Two new review papers, co-authored by OpenTopography staff, have been published recently that focus on the use lidar and high resolution topography for understanding mass and energy transfer through landscapes and the critical zone respectively.
The study of mass and energy transfer across landscapes has recently evolved to comprehensive considerations acknowledging the role of biota and humans as geomorphic agents, as well as the importance of small-scale landscape features. A contributing and supporting factor to this evolution is the emergence over the last two decades of technologies able to acquire high resolution topography (HRT) (meter and sub-meter resolution) data. Landscape features can now be captured at an appropriately fine spatial resolution at which surface processes operate; this has revolutionized the way we study Earth-surface processes. The wealth of information contained in HRT also presents considerable challenges. For example, selection of the most appropriate type of HRT data for a given application is not trivial. No definitive approach exists for identifying and filtering erroneous or unwanted data, yet inappropriate filtering can create artifacts or eliminate/distort critical features. Estimates of errors and uncertainty are often poorly defined and typically fail to represent the spatial heterogeneity of the dataset, which may introduce bias or error for many analyses. For ease of use, gridded products are typically preferred rather than the more information-rich point cloud representations. Thus many users take advantage of only a fraction of the available data, which has furthermore been subjected to a series of operations often not known or investigated by the user. Lastly, standard HRT analysis work-flows are yet to be established for many popular HRT operations, which has contributed to the limited use of point cloud data.

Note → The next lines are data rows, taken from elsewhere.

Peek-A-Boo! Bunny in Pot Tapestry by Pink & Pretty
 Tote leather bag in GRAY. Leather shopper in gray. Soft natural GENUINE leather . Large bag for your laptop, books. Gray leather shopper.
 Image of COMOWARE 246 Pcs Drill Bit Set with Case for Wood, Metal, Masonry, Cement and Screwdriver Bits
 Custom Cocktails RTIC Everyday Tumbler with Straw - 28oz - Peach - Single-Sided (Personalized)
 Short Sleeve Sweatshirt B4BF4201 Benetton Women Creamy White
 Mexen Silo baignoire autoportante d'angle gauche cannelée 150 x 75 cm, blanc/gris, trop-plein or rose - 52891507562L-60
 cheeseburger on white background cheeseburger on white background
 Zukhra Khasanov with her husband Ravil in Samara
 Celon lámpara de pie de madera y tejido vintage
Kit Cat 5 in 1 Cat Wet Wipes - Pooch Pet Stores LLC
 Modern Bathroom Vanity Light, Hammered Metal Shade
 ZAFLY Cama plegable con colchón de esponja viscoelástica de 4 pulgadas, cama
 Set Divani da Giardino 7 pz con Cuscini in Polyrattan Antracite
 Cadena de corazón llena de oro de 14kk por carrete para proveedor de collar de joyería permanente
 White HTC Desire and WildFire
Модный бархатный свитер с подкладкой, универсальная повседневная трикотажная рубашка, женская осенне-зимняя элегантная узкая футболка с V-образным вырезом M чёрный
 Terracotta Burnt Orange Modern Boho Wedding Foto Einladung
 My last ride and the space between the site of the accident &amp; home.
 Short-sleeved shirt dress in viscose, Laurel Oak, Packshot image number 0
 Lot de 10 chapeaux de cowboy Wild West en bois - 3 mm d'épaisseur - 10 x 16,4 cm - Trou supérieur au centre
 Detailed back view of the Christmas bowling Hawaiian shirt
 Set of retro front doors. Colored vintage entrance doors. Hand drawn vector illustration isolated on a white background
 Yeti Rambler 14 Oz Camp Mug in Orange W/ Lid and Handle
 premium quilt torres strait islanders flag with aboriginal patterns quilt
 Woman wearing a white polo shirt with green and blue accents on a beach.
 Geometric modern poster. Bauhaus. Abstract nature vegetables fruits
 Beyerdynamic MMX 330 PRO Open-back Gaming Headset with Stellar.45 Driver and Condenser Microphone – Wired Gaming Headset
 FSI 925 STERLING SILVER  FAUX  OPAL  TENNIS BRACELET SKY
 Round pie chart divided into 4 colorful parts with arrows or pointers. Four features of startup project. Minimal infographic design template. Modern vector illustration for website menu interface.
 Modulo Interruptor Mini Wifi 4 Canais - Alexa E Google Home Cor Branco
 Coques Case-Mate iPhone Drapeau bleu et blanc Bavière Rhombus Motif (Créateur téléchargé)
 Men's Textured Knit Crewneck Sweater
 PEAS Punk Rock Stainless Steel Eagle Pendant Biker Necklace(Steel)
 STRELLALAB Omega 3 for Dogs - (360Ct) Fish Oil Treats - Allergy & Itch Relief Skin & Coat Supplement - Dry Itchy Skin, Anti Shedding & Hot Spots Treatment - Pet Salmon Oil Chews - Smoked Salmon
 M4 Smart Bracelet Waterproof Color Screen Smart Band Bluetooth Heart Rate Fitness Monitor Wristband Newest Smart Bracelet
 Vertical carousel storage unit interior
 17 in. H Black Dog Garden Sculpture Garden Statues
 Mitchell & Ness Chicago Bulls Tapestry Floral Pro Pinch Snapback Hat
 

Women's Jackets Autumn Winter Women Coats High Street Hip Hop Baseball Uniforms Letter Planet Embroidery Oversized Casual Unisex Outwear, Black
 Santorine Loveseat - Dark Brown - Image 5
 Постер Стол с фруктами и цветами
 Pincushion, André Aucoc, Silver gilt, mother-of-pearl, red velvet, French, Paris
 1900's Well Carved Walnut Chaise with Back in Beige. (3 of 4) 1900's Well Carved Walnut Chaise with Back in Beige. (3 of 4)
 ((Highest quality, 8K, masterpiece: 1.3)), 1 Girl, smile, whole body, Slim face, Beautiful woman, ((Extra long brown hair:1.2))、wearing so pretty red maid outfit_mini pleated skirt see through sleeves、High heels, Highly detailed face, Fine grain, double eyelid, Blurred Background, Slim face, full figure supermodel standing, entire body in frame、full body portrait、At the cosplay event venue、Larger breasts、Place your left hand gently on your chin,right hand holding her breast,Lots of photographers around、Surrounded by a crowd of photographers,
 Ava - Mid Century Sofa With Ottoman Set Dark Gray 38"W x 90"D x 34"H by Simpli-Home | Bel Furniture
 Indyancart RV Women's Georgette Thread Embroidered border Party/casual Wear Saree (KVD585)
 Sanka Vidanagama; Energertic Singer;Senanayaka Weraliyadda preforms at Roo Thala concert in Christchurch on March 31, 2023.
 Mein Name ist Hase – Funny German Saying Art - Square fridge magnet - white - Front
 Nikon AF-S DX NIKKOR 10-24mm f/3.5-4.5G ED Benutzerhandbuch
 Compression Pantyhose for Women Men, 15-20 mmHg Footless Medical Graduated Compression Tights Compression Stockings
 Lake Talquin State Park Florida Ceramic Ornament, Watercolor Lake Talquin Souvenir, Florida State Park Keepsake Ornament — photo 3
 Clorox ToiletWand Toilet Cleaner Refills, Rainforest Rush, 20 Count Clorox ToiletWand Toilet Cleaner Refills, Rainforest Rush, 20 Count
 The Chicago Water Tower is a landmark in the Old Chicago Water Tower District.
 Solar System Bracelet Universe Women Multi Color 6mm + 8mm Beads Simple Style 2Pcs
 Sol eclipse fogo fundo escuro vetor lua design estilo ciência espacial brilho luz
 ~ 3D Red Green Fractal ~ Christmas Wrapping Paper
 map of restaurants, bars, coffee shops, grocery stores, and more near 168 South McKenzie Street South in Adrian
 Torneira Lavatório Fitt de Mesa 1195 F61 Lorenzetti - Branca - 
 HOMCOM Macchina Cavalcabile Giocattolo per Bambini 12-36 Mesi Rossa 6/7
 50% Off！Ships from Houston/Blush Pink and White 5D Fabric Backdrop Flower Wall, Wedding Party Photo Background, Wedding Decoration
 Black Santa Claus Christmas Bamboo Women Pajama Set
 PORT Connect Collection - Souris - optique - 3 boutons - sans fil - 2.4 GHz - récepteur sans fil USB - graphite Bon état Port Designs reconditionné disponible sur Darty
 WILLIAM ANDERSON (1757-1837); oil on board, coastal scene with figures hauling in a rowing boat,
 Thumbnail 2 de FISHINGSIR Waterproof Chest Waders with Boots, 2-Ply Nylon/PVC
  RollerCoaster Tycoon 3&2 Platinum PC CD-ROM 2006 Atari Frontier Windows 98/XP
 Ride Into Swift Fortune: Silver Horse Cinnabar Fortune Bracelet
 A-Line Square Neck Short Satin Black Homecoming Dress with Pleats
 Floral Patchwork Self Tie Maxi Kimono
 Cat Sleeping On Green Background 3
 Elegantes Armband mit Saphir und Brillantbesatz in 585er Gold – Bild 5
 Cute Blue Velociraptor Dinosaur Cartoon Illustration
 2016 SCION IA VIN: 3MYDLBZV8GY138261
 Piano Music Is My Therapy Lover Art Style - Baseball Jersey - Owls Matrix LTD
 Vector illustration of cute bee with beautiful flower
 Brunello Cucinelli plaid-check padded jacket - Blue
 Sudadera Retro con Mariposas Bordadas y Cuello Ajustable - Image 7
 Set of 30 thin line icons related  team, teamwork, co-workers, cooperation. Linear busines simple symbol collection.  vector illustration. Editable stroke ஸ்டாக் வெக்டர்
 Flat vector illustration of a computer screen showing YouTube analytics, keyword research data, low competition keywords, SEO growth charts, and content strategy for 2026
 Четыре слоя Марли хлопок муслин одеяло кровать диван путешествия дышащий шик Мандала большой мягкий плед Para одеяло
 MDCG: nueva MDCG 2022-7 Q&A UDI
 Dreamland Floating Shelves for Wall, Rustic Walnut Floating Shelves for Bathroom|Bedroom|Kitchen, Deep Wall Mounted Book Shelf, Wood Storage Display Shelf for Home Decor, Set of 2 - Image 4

In this review, we identify key research questions relevant to the Earth-surface processes community within the theme of mass and energy transfer across landscapes and offer guidance on how to identify the most appropriate topographic data type for the analysis of interest. We describe the operations commonly performed from raw data to raster products and we identify key considerations and suggest appropriate work-flows for each, pointing to useful resources and available tools. Future research directions should stimulate further development of tools that take advantage of the wealth of information contained in the HRT data and address the present and upcoming research needs such as the ability to filter out unwanted data, compute spatially variable estimates of uncertainty and perform multi-scale analyses. While we focus primarily on HRT applications for mass and energy transfer, we envision this review to be relevant beyond the Earth-surface processes community for a much broader range of applications involving the analysis of HRT.
Passalacqua, P., Belmont, P., Staley, D. M., Simley, J. D., Arrowsmith, J R., Bode, C. A., Crosby, C., DeLong, S., Glenn, N., Kelly, S. A., Lague, D., Sangireddy, H., Schaffrath,K., Tarboton, D., Wasklewicz, T, Wheaton, J., 2015, Analyzing high resolution topography for advancing the understanding of mass and energy transfer through landscapes: A review. Earth-Science Reviews, Volume 148, Pages 174?193, doi:10.1016/j.earscirev.2015.05.012
Observation and quantification of the Earth surface is undergoing a revolutionary change due to the increased spatial resolution and extent afforded by light detection and ranging (lidar) technology. As a consequence, lidar-derived information has led to fundamental discoveries within the individual disciplines of geomorphology, hydrology, and ecology. These disciplines form the cornerstones of Critical Zone (CZ) science, where researchers study how interactions among the geosphere, hydrosphere, and ecosphere shape and maintain the “zone of life”, extending from the groundwater to the vegetation canopy. Lidar holds promise as a transdisciplinary CZ research tool by simultaneously allowing for quantification of topographic, vegetative, and hydrological data. Researchers are just beginning to utilize lidar datasets to answer synergistic questions in CZ science, such as how landforms and soils develop in space and time as a function of the local climate, biota, hydrologic properties, and lithology. This review’s objective is to demonstrate the transformative potential of lidar by critically assessing both challenges and opportunities for transdisciplinary lidar applications. A review of 147 peer-reviewed studies utilizing lidar showed that 38 % of the studies were focused in geomorphology, 18 % in hydrology, 32 % in ecology, and the remaining 12 % have an interdisciplinary focus. We find that using lidar to its full potential will require numerous advances across CZ applications, including new and more powerful open-source processing tools, exploiting new lidar acquisition technologies, and improved integration with physically-based models and complementary in situ and remote-sensing observations. We provide a five-year vision to utilize and advocate for the expanded use of lidar datasets to benefit CZ science applications.
Harpold, A. A., Marshall, J. A., Lyon, S. W., Barnhart, T. B., Fisher, B. A., Donovan, M., Brubaker, K. M., Crosby, C. J., Glenn, N. F., Glennie, C. L., Kirchner, P. B., Lam, N., Mankoff, K. D., McCreight, J. L., Molotch, N. P., Musselman, K. N., Pelletier, J., Russo, T., Sangireddy, H., Sj?berg, Y., Swetnam, T., and West, N., 2015, Laser vision: lidar as a transformative tool to advance critical zone science, Hydrol. Earth Syst. Sci., 19, 2881-2897, doi:10.5194/hess-19-2881-2015.